I like all of them but like most Mbunas as well
I feel overwhelmed with my decision. I want a good selection because i am buying them young and want to watch them grow.

I already have one fish it is a cichlid however it is purple with electric that glow, and has slightly darker stripes. I will try to get a picture.


----------



## TheFishGuy (Apr 21, 2005)

Toby_H said:


> But all that being said... most fish that are aquarium bred do fine in moderate/neutral conditions...


Exactly... Toby has typed the single most important thing that's been typed in this entire thread.


----------



## josmoloco (Aug 23, 2008)

Wow that is quite a mix Fisherman 89, reminds me of my 125. 
Venustus 1m?
Blue Electric Hap x2 1m 1f
Salvini female
Texas
Nic male
cutteri
firemouth male
pair convicts
mutant back barred blood parrot thing
Blue peacock x3 2m 1f
albino peacock x2 2m
malawi blue dolpohin x3
giant danio x5
pictus x2
"golden shark" barb x1

Very heavly stocked, No mbuna,firemouth and convicts will be moved eventually.
I love it! All fed on a protien rich diet.


----------



## bernie comeau (Feb 19, 2007)

Fisherman89 said:


> Frontosa
> Melanochromis Auratus
> Jack Dempsey
> Venustus
> ...


Frontosa ------ gets pretty big, should probabley have at the very least a 4' X 2' space, once it gets a little older. Never owned one ever, but from my unerstanding are pretty laid back fish; have a reputation for being fairly unaggessive for a cichlid. But too big for a 55 gal.

Melanochromis auratus ----- reputation as toughest and most aggressive mbuna. IME will pick on what ever it can and will bite most fish in the tail, quite frequently! Definately a candidate for most aggressive fish. If you attempt to stock it , better make sure ALL it's tankmates are very tough!

JD -- probably about as big as you would want for a 55 gal. Every fish has its own personality; A very big variation in temperments and personality exist in JD's today. It's an option in a 55 gal. though.
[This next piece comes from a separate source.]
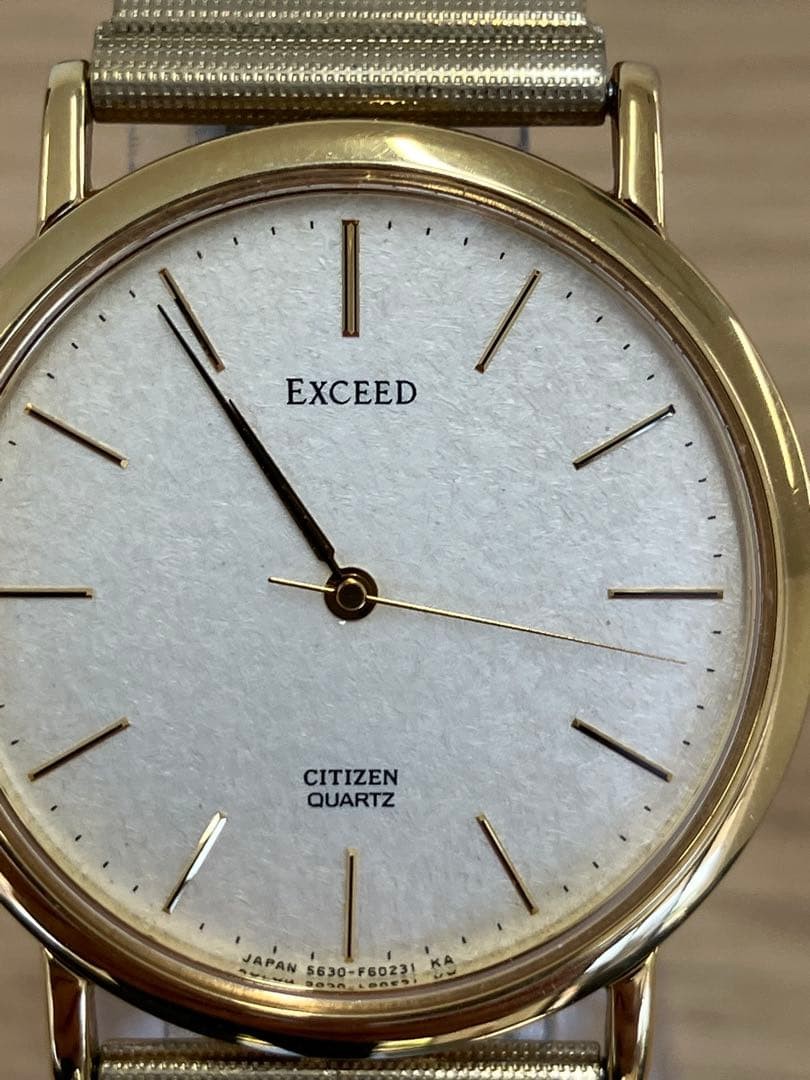 CITIZEN EXCEED Quartz Watch, Gold, 3 Hands, Non-functional 【USED】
Venestus --- IMO, get's too big for a 55 . Also, Potentially too aggresive for that space. Ounce for ounce, often too wussy for aggressive mbuna, especially at younger age.
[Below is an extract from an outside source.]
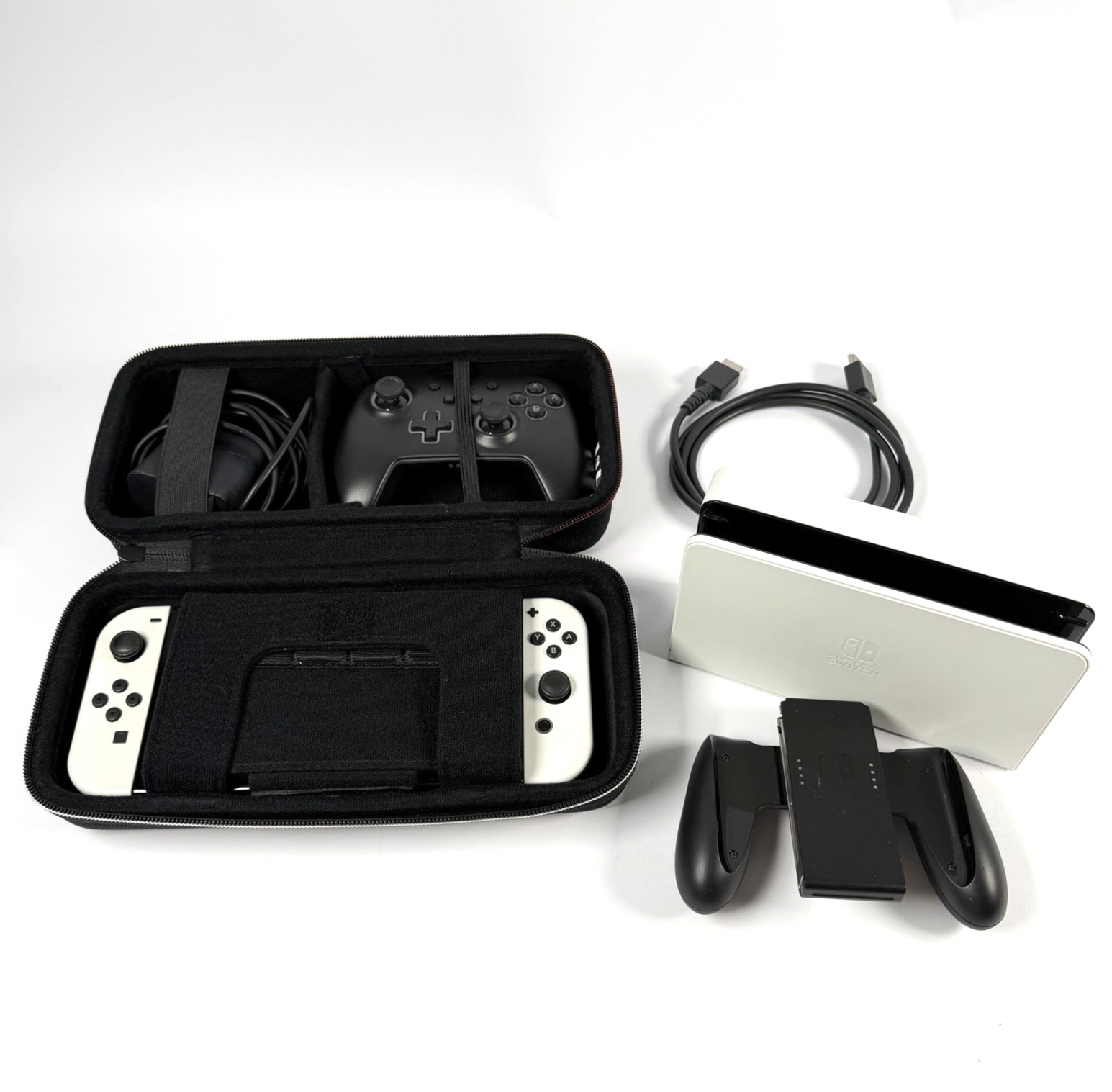 Nintendo Switch White OLED Complete Bundle + Controller + Case + Game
Electric yellow mbuna- Still a very tough fish , though less aggressive then most mbuna. An option, though the hybrid electirc yellows are always some what on an unknown.

Melanochromis johanni --- never owned one but my understanding is that it is similar to an auratus but USUALLY somewhat less aggresssive.

Kenyi - very aggressive mbuna.If you stock it in a mixed tank , better make sure it is not dominant and the other tankmates are able to stand up to it.

livingstoni - pretty much the same thing as a venestus. neither ever did well in my tanks at a young age because of aggressive mbuna.

Texas --- too big for a 55 gal. Can get 12"" and very deep bodied. Aggressive. Might work well for a while but you will need a bigger tank eventually.

GT -- another potentially 12" or more, heavy bodied fish. Very aggressive, though usually ounce for ounce, not a very tough fish.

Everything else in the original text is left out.